The living area looks out to the mountain nearby.

The living area looks out to the mountain nearby.

 

When designing a home in a designated Area of Outstanding Natural Beauty, it feels instinctual to try and let the landscape become a part of the house as much as possible. Making the most of views, is, of course, a must, but so too is creating a building that doesn’t feel like an imposition on the surrounding area.

This was the challenge presented to principal architect Sarah McNulty of McNulty Smyth Associates by her clients for their relatively small site situated in the Ring of Gullion in Co Armagh. Not only this, but they wanted the home to accommodate their family lifestyle, with a social living space, garden and space for parking. 

 
The open plan kitchen and living area.

The open plan kitchen and living area.

 

When it came to making the most of the landscape in her design, there was the problem of the existing building on the site, as well as a mass of overgrown plants, blocking any potential views. “It was very hard to see what the view would be,” Sarah explains. “We went off up ladders just to try and see what it would be like, but when the site clearance happened, that was the big reveal. At that stage it had all been long designed and planning permission received, so thankfully, it did reveal a lovely view of the mountain.” 

The open plan living and kitchen space looks out onto this view, with a six metre expanse of sliding glass doors. The size restrictions on the house mean that this is the only communal room in the house, with the rest dedicated to bedrooms and bathrooms, so Sarah explains that it had to be incredibly hard working. “It needed to be really social because they do a lot of entertaining. They also wanted it to be quite dramatic, airy and bright.” To achieve this, Sarah created a double height ceiling that follows the shape of traditional farm buildings in the area, combined with the expansive views through the glass doors.

 
The lower ceiling in the kitchen end of this space makes it feel cosier.

The lower ceiling in the kitchen end of this space makes it feel cosier.

 

This unimpeded view was cultivated by employing a ha-ha boundary between the end of the garden and the adjoining field, making the most of a natural drop rather than adding a fence or wall.

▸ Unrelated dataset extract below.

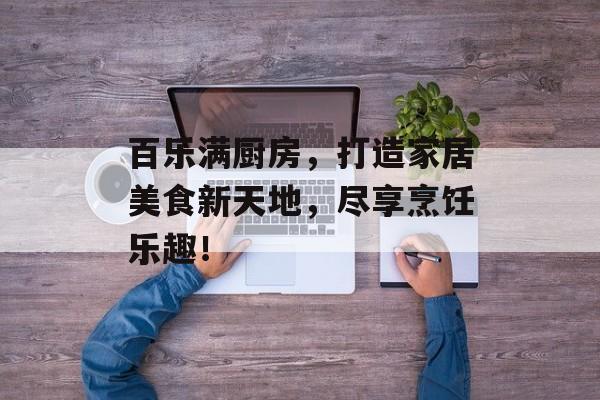 百乐满厨房，打造家居美食新天地，尽享烹饪乐趣！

The bedroom spaces are understated, a quieter escape away from the hustle and bustle of the living and kitchen area, but they too capture glimpses of the surrounding landscape with large windows. “We wanted to create almost a picture view,” Sarah explains, “it's like a living landscape painting.”

 
This bedroom window creates a nook to sit and enjoy the view.

This bedroom window creates a nook to sit and enjoy the view.

 

While the interiors feel bright and spacious, Sarah was mindful of not putting a huge house on this site that would look out of place in the landscape. “You access the house from the side, when traditionally people like have a statement front door. We made it a bit more understated, prioritising other spaces in the building, the spaces you're in all the time.” What the entrance hall does have is dramatic double height glazing, and an open staircase allows light to flow freely through this space. The house is in fact just a storey and a half, so it sits into the surrounding area rather than sticking out. 

None of the spaces, however, feel anything less than generous, something that Sarah puts down to her careful consideration of proportion. “It's really important to us when we're designing houses. Whilst you're trying to create proportion in the form of building, the proportions of actual rooms are really important, that each one individually feels right. It's something that I've worked really hard on over the years. Because when you go into a well-proportioned space, well, you feel it.” 

 
The open staircase allows light to flow through the house.

The open staircase allows light to flow through the house.

 

The palette of materials inside and out has been kept deliberately pared back, giving a sense of calm simplicity. Details like the doors and steps of the staircase were treated with an oil to bring out grey tones, while similar tones in the slate and zinc exterior not only link to the interior, but nod to the fact that the house is modern, yet is aware of the history of other buildings in the area. 

With this careful design, Sarah has created a home that ultimately is a relaxing space for this family. “It's instantly calming, and something I always aspire to in my designs is calm elegance. I really believe that the spaces you spend time in make an impact on how you feel. These types of spaces have the ability to slow you down – you can just sit in a chair, quietly contemplate life and look out to that fantastic view.”